From 31 January 2022, UKHSA will move all COVID-19 case reporting in England to use a new episode-based definition which includes possible reinfections.
On the dashboard, this means:
- cases in England by report date will change to the new definition of an episode of infection
- historical numbers by report date will not be revised, so there will be a step increase in the cumulative numbers of cases on that date
- specimen date metrics will be revised back to the beginning of the pandemic.
- the same metric names will still be used
- new metrics will show first episodes of infection (equivalent to the current case definition) and episodes of reinfection, shown by specimen date only.
UKHSA is working with the devolved administrations to align definitions across the UK.
Additional details
As the pandemic continues and more variants emerge, it is more likely that people will be reinfected with COVID-19.

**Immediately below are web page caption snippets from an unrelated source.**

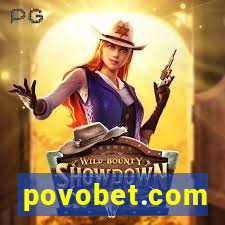 povobet.com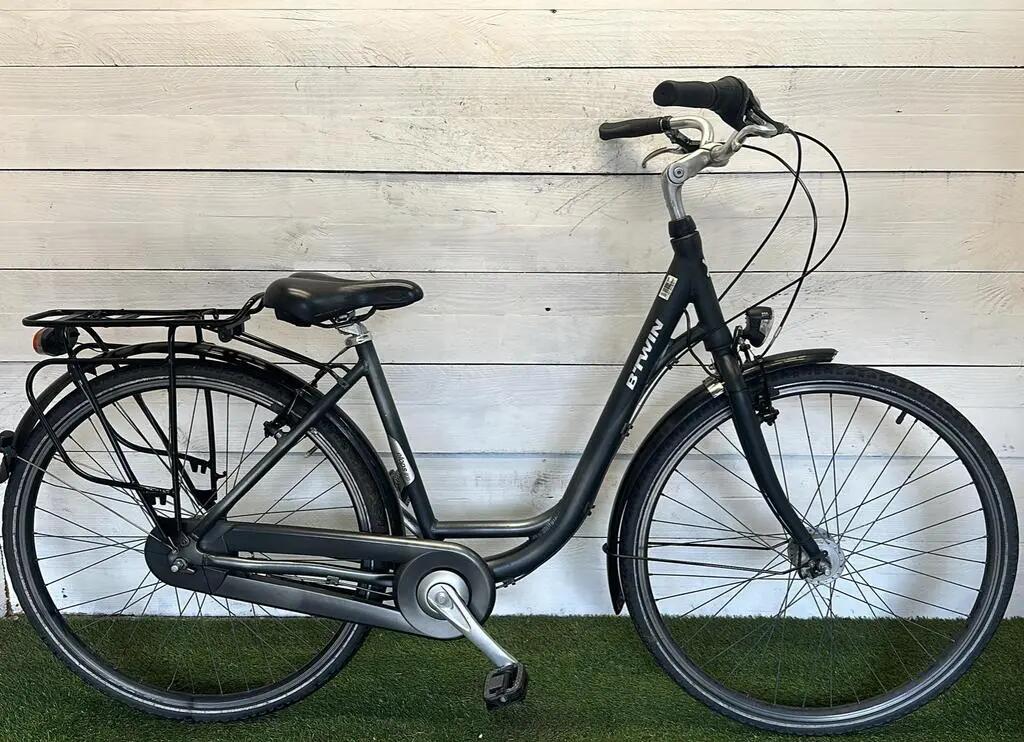 BIKE picture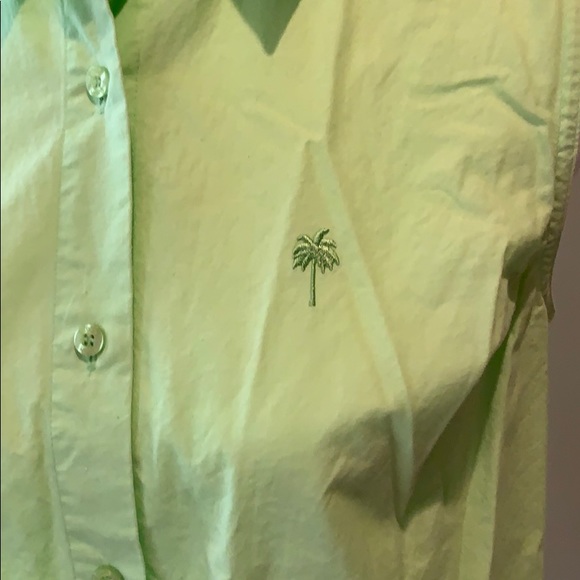 Lilly Pulitzer top - Picture 3 of 5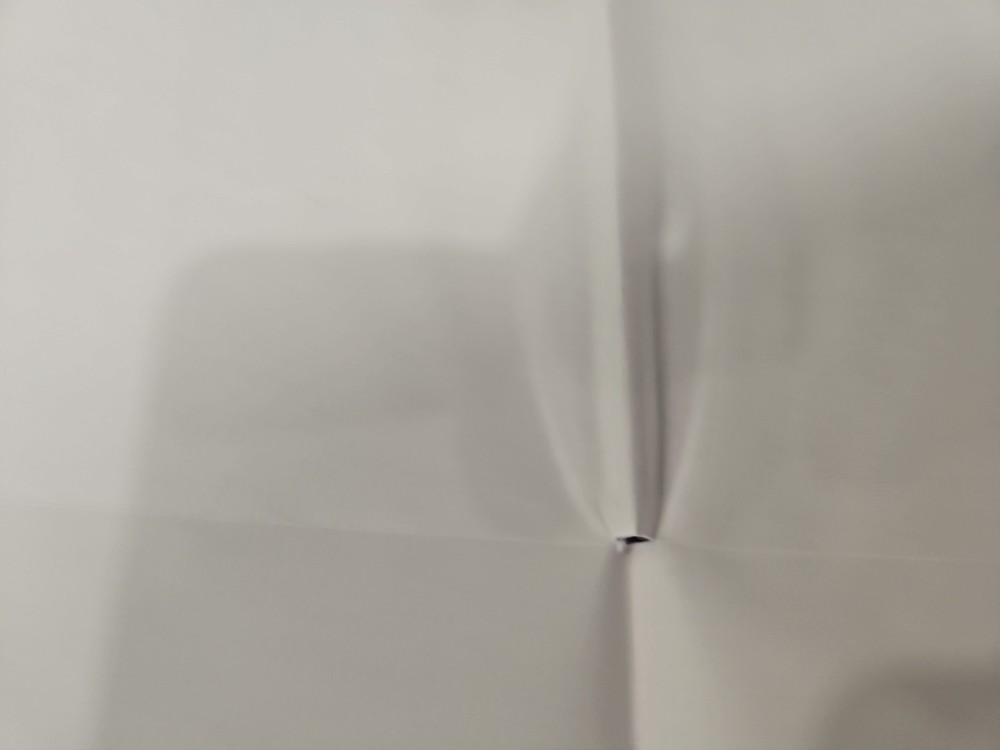 TSR Ravenloft Forbidden Lore - Poster Map Only!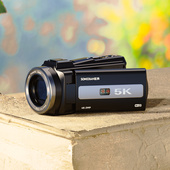 松典DV255K数码 摄像机高清旅游手持dv摄影机录像专业红外夜视一体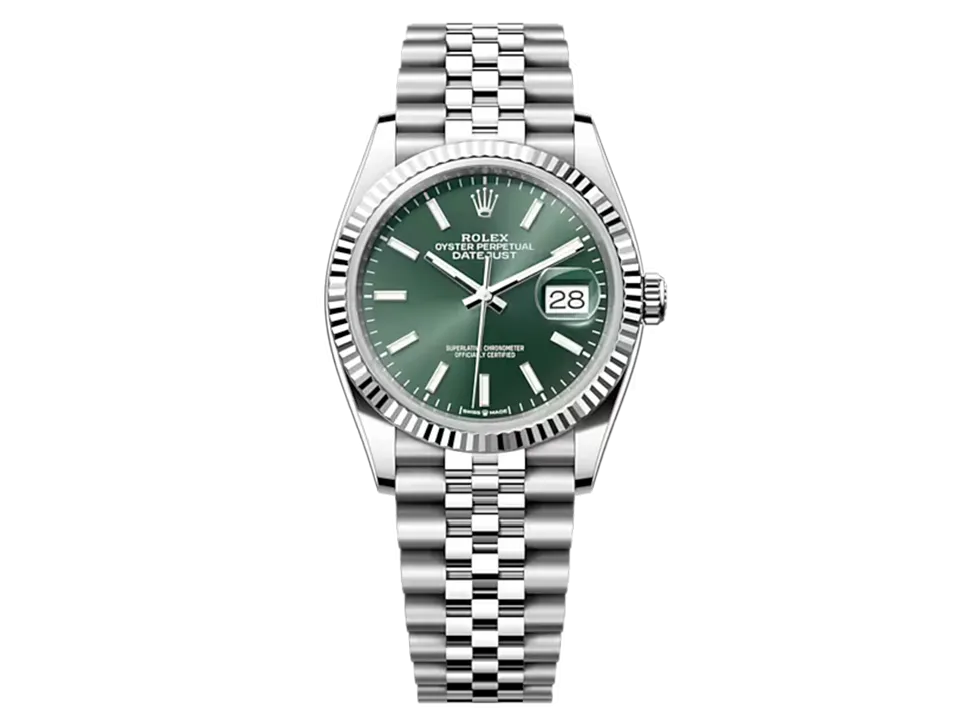 DATEJUST 36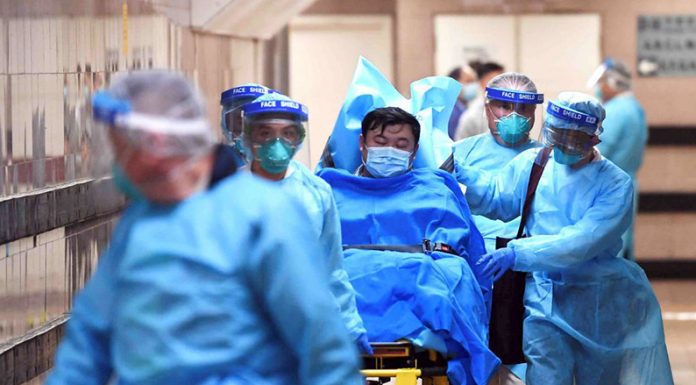 COVID-780: Siguen “encontrando”, pero crecen diferencias de casos y muertos. Hoy, son 9 positivos, 19 recuperados y 69 sospechados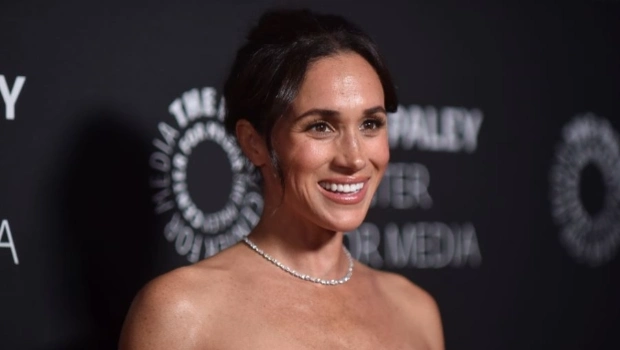 Меган Маркл вернулась к актерской карьере в Голливуде спустя 8 лет Меган Маркл вернулась к актерской карьере в Голливуде спустя 8 лет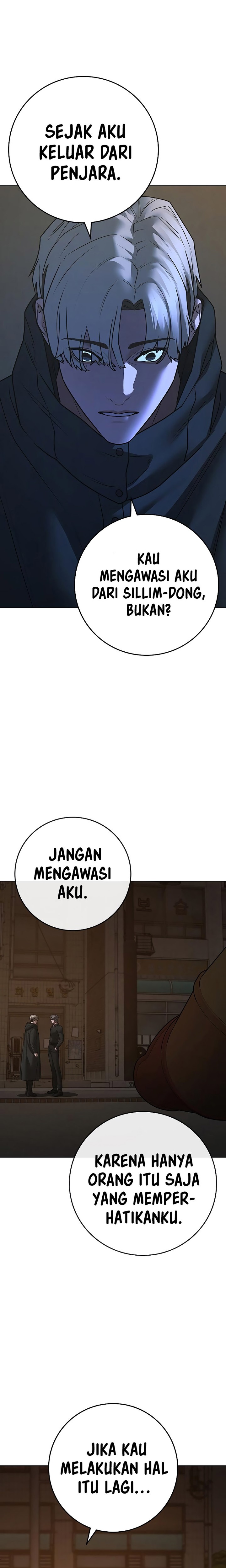 Read Reality Quest ID Manga Online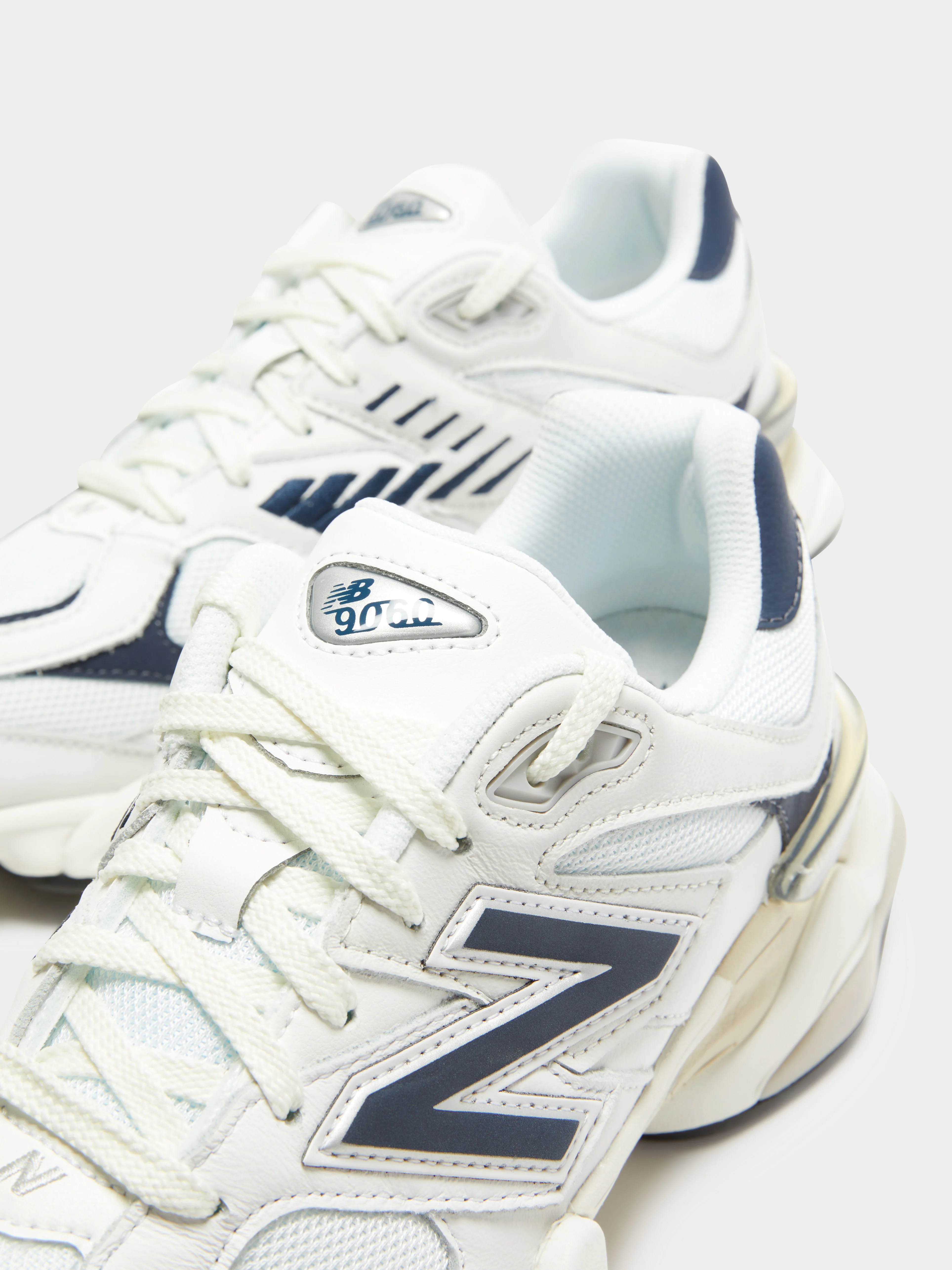 Unisex 9060 Sneakers - Image 6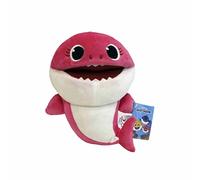 Baby Shark Cantarine Puppets Mami Shark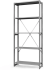 Стеллаж ТСУ 2000x700x800 5 полок (150 кг, перф) купить в Саратове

Contact tracing and health protection work at UKHSA follows up people with a positive test result, whether they were a new case or a case of reinfection. However, surveillance figures only report COVID-19 cases as the date of the first infection, so individuals are only counted once.
UK public health agencies are now updating surveillance data to count infection episodes, including reinfection episodes.
Infection episodes will be counted separately if there are at least 90 days between positive test results.
Each episode begins with the earliest positive specimen date. If someone has another positive specimen within 90 days of the last one, this is included in the same episode. If they have another positive specimen more than 90 days after the last one, this is counted in a separate episode (a possible reinfection episode).